_PROBLEM DESCRIPTION_
Each entry below is to be extracted exactly.

- Opening Delimiter -

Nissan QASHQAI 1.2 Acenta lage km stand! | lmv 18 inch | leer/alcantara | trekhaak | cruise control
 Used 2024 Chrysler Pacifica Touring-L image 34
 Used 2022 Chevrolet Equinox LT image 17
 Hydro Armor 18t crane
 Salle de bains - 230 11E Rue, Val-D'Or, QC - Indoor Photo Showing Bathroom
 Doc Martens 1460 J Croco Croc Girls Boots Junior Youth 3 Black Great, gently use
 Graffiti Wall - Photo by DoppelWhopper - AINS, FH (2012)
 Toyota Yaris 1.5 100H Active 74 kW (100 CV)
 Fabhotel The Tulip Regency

- Closing Delimiter -

_OUTPUT OF THE EXERCISE_
Nissan QASHQAI 1.2 Acenta lage km stand! | lmv 18 inch | leer/alcantara | trekhaak | cruise control
 Used 2024 Chrysler Pacifica Touring-L image 34
 Used 2022 Chevrolet Equinox LT image 17
 Hydro Armor 18t crane
 Salle de bains - 230 11E Rue, Val-D'Or, QC - Indoor Photo Showing Bathroom
 Doc Martens 1460 J Croco Croc Girls Boots Junior Youth 3 Black Great, gently use
 Graffiti Wall - Photo by DoppelWhopper - AINS, FH (2012)
 Toyota Yaris 1.5 100H Active 74 kW (100 CV)
 Fabhotel The Tulip Regency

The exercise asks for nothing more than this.